The worst job in OSS?

I am convinced that nothing we do is more important than hiring and developing people. At the end of the day you bet on people, not on strategies.”
Larry Bossidy.

In a recent post, I spoke of the challenge in getting the right balance between two scarce assets, customers and human resources.

This got me thinking about how tough it is for organisations in the OSS industry to retain some form of balance on the resourcing side.

In other industries, if you win a swag of new customers but don’t have adequate resourcing, you can simply go to market and hire new ones or contract them in to meet resourcing spikes. In most industries, there is usually a wealth of talent with skill-sets that are transferable to your needs.

Unfortunately in the OSS industry, whilst outside experts will have transferable skills, it will still take them months to become proficient at a particular vendor’s solution. Similarly, the OSS market is so fragmented that only a select few vendors are ever able to find their unique proficiencies outside the confines of their own organisations (ie available on the market, not on the payroll).

Resourcing is one of the toughest jobs in OSS for a number of reasons:

  1. If they’re not in your organisation, you’re going to have to plan how to manufacture experts via your apprenticeship program, with new starters likely to take somewhere between 6 and 24+ months in the knowledge transfer factory
  2. That means you have to predict your required resource load roughly 6 months in advance
  3. These predictions need to take into account the number and size of new projects / products, the number and size of lost customers, the number of defections / resignations / retirements, which particular skill-set mix will you require, which locations will the resources be required in and many more factors
  4. It would be ideal to have great bench-strength across all skill-sets that are ready to go for any future ramp-up, but we all know about the executive pressures that prevail with regards to the funding of head-count, especially under-utilised resources
  5. If a talented resource does leave, their replacement is unlikely to be even nearly as efficient, in the short-term at least

So, what to do?

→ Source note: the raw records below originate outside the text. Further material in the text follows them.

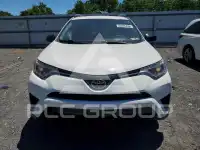2017 Toyota RAV4 фото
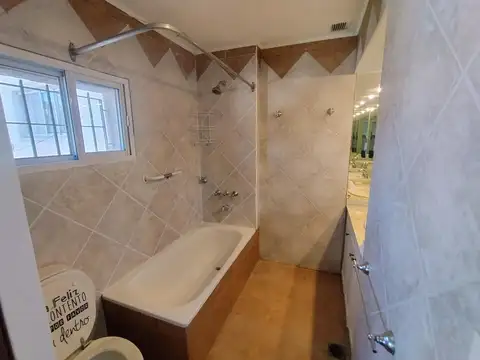 Depto Tipo Casa en Alquiler al Oeste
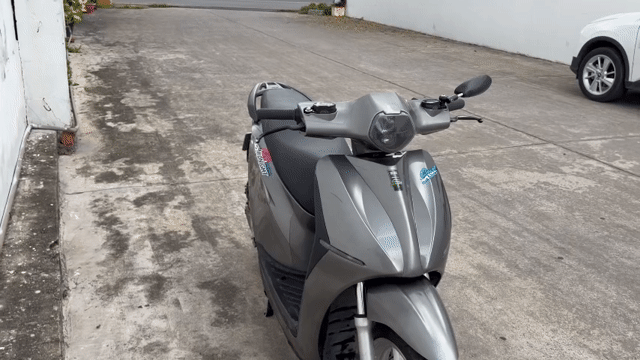 Datbike Quantum S3 52 ngàn💕bstp chính chủ. Mua bán Xe máy tại Quận 12 Tp Hồ Chí Minh được đăng bởi Hana hình 1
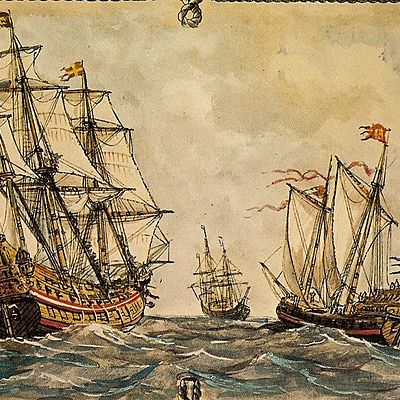 Timeline: Historia de la comunicación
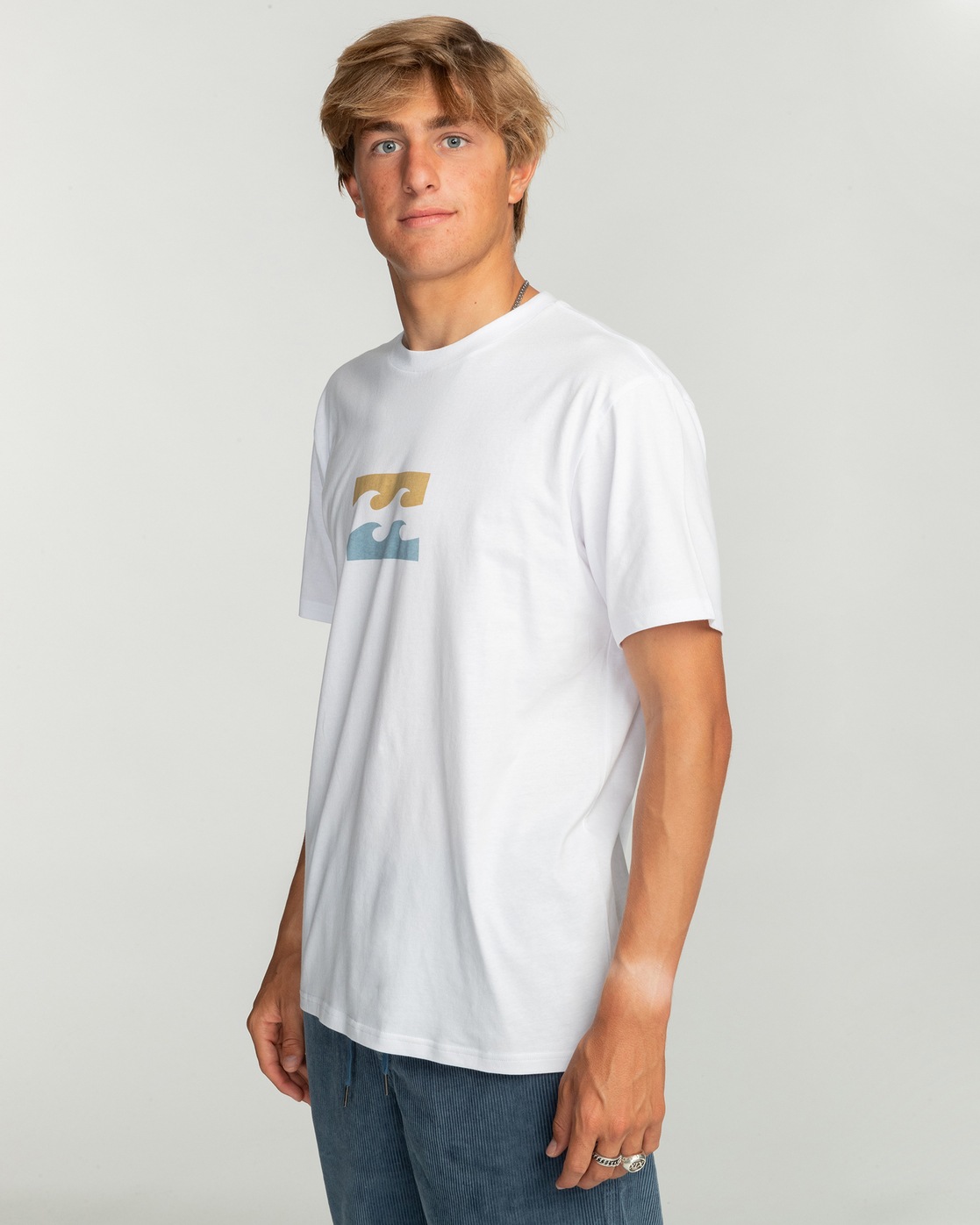 Billabong T-Shirt »Team Wave«
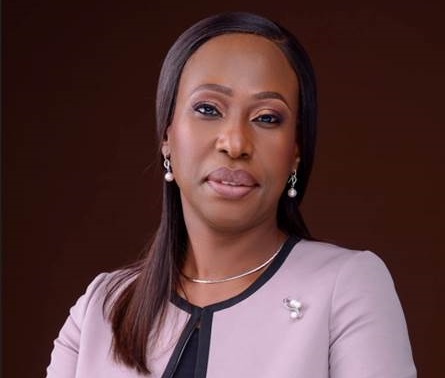 Ecobank Nigeria Announces Carol Oyedeji As Deputy Managing Director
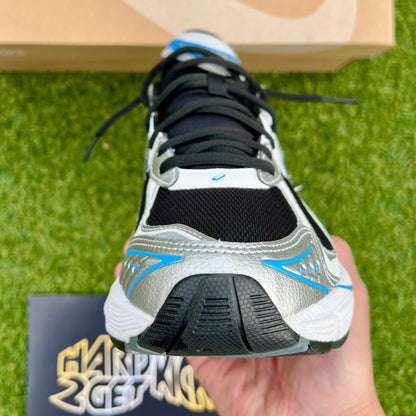 Asics GT-2160 - Black/Pure Silver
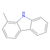 1-methyl-9h-carbazole (c09-0966-820)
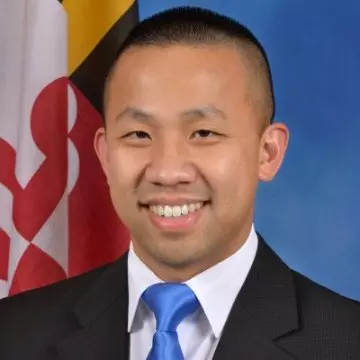 Clarence Lam
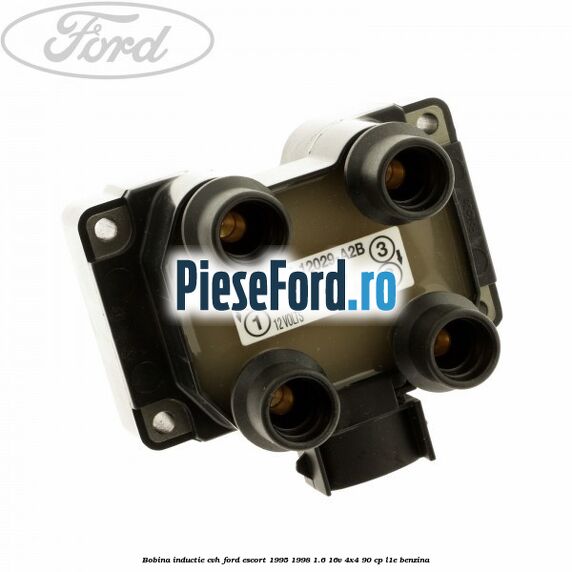 Bobina inductie CVH Ford Escort 1995-1998 1.6 16V 4x4 90 cp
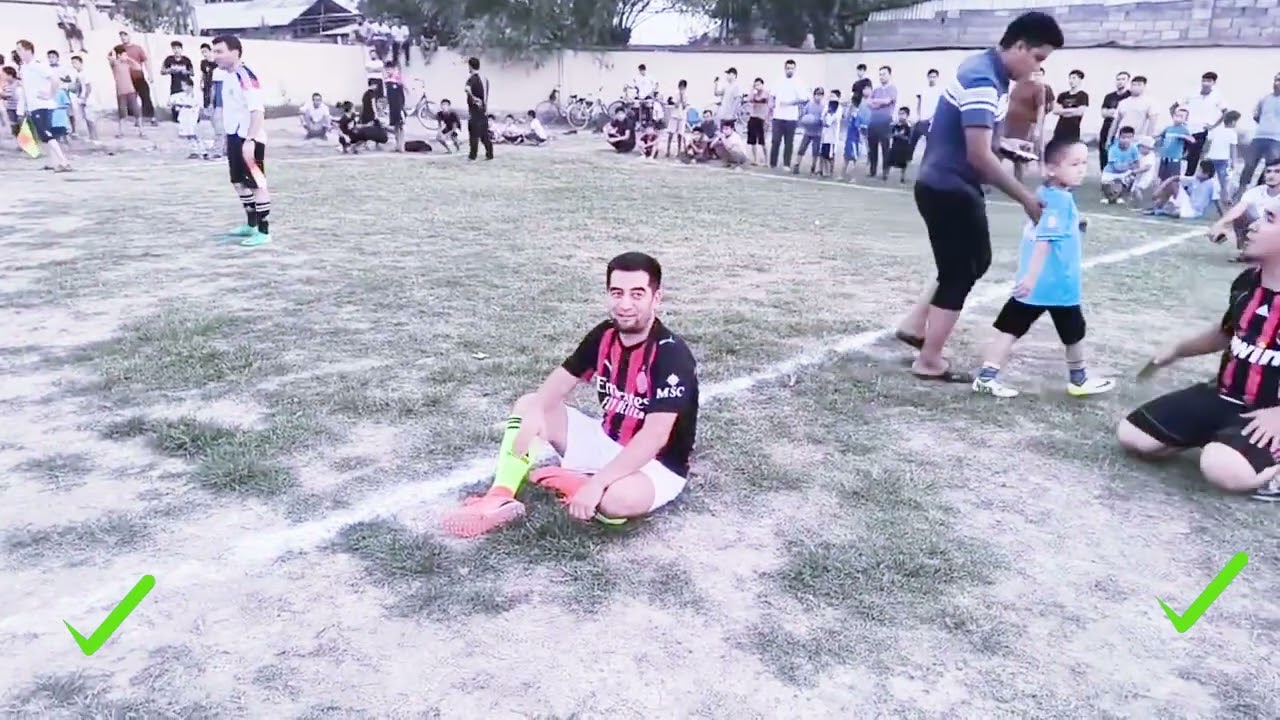 Finalty in the Poloson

There are two initiatives that spring to mind:

  1. Devise a strategy that builds up a pool of resources with skills in your solution without needing to have them on your payroll. This could be through the use of associates or third-party organisations, but a better model is to build a strategic advantage through your external training programs
  2. Develop an employee retention program to ensure that talented resources don’t want to leave. Easier said than done, but at least having a proactive plan in place is better than just reacting when valuable staff signal an intention to depart

Do you have any stratagems to ease these resource pressures on OSS executives and internal resourcing staff?

Do you think that resourcing is the worst job in OSS? There are probably many others that come close, including being the Operations Director when multiple customers are screaming at you (probably caused by a dearth of skilled resources being assigned to each) and you have to jump from customer to customer, from bushfire to bushfire. I’m sure you all have some wonderfully horrendous stories to share.